◆ **Instructions to follow**:
Copy out every line in the entries below that includes "Green".

◆ **Source data**:
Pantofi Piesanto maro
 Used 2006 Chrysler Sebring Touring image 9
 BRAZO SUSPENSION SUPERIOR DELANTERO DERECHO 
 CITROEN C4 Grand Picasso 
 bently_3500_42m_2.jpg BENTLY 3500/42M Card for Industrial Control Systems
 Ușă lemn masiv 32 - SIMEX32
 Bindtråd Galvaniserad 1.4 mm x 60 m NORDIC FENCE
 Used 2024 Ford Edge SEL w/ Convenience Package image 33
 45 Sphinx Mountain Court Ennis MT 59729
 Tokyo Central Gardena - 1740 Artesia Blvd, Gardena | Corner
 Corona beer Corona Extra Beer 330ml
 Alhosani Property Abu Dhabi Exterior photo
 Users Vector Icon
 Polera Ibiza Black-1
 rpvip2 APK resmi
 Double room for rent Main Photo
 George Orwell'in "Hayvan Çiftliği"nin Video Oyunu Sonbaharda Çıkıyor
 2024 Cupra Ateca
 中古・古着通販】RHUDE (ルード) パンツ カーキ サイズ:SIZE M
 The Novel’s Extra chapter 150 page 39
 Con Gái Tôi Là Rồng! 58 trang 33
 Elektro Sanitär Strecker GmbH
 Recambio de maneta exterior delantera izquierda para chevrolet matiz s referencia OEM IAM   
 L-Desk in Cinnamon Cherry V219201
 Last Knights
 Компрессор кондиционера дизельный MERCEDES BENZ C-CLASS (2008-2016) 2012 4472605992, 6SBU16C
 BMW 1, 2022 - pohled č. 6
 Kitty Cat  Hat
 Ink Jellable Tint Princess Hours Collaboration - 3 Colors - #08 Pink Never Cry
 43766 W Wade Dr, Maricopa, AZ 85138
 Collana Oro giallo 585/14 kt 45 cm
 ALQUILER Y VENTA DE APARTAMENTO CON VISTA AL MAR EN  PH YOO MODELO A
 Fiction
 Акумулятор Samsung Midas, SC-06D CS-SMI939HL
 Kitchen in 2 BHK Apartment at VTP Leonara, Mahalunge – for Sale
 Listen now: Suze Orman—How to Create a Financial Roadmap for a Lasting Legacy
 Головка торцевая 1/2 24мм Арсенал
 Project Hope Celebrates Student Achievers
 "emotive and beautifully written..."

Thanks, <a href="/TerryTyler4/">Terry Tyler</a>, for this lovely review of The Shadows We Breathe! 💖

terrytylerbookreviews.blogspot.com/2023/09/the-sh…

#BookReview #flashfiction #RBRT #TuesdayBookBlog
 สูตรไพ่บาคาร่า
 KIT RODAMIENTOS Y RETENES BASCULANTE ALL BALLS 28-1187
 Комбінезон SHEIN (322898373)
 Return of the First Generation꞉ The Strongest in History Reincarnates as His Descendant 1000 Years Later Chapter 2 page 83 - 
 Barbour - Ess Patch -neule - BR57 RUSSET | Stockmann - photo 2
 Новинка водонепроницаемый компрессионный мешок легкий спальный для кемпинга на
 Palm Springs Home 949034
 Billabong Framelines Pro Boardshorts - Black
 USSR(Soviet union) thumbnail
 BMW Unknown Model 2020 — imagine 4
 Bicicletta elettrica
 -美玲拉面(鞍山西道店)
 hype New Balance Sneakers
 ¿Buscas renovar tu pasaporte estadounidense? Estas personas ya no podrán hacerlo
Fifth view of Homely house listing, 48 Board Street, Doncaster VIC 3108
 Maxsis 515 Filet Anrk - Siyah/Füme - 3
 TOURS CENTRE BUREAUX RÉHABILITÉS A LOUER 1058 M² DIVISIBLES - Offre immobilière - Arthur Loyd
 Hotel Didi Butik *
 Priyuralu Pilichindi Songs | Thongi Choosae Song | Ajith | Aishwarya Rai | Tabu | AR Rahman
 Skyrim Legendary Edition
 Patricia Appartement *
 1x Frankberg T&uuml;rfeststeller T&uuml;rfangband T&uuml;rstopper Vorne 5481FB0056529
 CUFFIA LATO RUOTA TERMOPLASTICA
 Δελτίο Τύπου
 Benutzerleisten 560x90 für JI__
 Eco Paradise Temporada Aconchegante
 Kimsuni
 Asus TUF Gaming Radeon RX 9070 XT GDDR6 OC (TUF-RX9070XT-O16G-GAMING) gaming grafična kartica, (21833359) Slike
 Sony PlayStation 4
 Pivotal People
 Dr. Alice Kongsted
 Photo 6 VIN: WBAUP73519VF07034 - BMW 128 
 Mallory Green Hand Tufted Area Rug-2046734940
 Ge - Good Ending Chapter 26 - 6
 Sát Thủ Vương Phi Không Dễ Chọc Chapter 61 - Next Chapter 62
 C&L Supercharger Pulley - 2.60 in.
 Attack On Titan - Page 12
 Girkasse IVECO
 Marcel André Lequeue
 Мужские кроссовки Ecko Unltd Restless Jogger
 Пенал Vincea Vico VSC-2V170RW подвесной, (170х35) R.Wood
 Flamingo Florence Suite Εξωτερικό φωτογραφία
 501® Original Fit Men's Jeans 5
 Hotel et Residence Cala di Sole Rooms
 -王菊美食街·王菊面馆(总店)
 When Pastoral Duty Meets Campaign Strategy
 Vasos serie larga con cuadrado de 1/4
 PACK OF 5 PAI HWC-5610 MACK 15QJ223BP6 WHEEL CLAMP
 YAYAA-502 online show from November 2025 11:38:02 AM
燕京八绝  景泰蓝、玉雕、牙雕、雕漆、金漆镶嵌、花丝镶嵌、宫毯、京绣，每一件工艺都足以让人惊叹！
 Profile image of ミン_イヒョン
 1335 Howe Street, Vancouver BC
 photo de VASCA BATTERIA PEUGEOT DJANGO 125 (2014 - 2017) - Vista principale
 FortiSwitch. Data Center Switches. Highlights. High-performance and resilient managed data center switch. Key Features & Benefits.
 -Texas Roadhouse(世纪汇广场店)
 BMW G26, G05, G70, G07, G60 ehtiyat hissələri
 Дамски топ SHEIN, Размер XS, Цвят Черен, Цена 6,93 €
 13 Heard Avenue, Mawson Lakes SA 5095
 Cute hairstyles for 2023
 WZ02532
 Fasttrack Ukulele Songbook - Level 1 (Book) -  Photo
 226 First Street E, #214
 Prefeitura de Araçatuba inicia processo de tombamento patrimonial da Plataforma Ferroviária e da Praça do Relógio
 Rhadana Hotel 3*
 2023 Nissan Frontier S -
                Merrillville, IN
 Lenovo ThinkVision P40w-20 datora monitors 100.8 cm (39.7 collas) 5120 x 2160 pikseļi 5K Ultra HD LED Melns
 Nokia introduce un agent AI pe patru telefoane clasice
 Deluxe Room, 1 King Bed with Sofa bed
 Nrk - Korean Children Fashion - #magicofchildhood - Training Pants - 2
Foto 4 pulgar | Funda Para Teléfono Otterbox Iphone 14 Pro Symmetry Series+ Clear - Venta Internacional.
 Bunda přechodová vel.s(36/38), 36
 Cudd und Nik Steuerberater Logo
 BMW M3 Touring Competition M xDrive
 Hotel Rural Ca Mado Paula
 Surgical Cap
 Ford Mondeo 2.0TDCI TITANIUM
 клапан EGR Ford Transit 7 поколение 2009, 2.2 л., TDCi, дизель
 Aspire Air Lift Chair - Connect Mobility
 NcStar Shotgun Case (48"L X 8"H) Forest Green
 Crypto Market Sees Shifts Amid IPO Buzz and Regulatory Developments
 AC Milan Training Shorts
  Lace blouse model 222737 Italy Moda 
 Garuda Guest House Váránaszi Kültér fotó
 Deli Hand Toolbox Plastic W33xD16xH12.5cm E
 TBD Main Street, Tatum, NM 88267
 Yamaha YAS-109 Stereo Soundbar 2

◆ **Task result**:
 Mallory Green Hand Tufted Area Rug-2046734940
 NcStar Shotgun Case (48"L X 8"H) Forest Green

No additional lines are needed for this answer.